I started drinking coffee for one reason — to have special time with Mom in the morning, time to sit together, drink coffee, and share stories before Dad and others joined us for breakfast. I recall when my older sister, Bev, had that special time with Mom when I was a youngster. Although Bev didn’t drink coffee, she appeared to be an honored guest at the table when Mom drank her coffee. And even though I wasn’t privy to their conversations, it was clear to me that they were sharing secrets and important things and things meant for two. I wanted to be included.

That desire passed when I was in high school, too tired and focused on myself and school to do anything more than get out of bed at the final minute every morning, get dressed, and grab a fried egg sandwich Mom had at the ready for me as I hurried off to school. In my 20s, though, the desire returned.

One day at The Lake (Lake Isabella, Wofford Heights, California), I got up early to try my first cup of coffee so that I could participate in the ritual and bond more closely with my mother. Right out of bed, it required that I go against my natural rhythms and arise before 8 a.m., something like 6 a.m. or even earlier. Mom was an early riser, often up before 5 a.m. because she couldn’t sleep. Joining her for coffee would require effort and commitment, I knew. From that day forward, the smell of coffee brewing would awaken me and I would join her for a full cup and a warmup.

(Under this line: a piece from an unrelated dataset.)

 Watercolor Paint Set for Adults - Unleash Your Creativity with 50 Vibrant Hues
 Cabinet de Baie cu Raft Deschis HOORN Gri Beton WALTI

Some of my fondest memories with my mother are around those morning coffee chats. She was forthcoming and intimate in her storytelling, relaxed and comfortable, navigating memories and dreams, the remains of yesterday and the beginnings of today. She listened to my self-absorbed ramblings and gently reassured me that all was well and I had all I needed to resolve what needed resolving, all without ever telling me what to do. She was remarkable that way.

I remember when she visited me in Portland after Dad died. I took her into Northwest Portland for a day of walking, talking, people-watching, and sightseeing. We stopped for coffee at Starbucks on NW 23rd and sat outside at a little table. Mom loved it. While she did enjoy her specialty coffee, she most enjoyed the setting and the people-watching. We sat there a long time, happy together.

From that day on, I regularly gifted her with a Starbucks coffee card, always at Christmas, to cover our coffee treats when I visited her. We frequented Starbucks cafes housed in Barnes & Noble, in malls, and on street corners. Coffee and books, coffee and scones, coffee and breakfast, coffee and lunch, coffee and conversation.

After she died, among her things I found the last Starbucks card I had given her. I still carry that card. While my taste for coffee has diversified, I still go to Starbucks occasionally and keep the card filled. I use it and think of Mom. May every sip bring peace.

Starbucks card

Composed July 16, 2017 – In remembrance of my mother, Virginia Helen Bruner Kuck (August 22, 1920 – December 22, 2009)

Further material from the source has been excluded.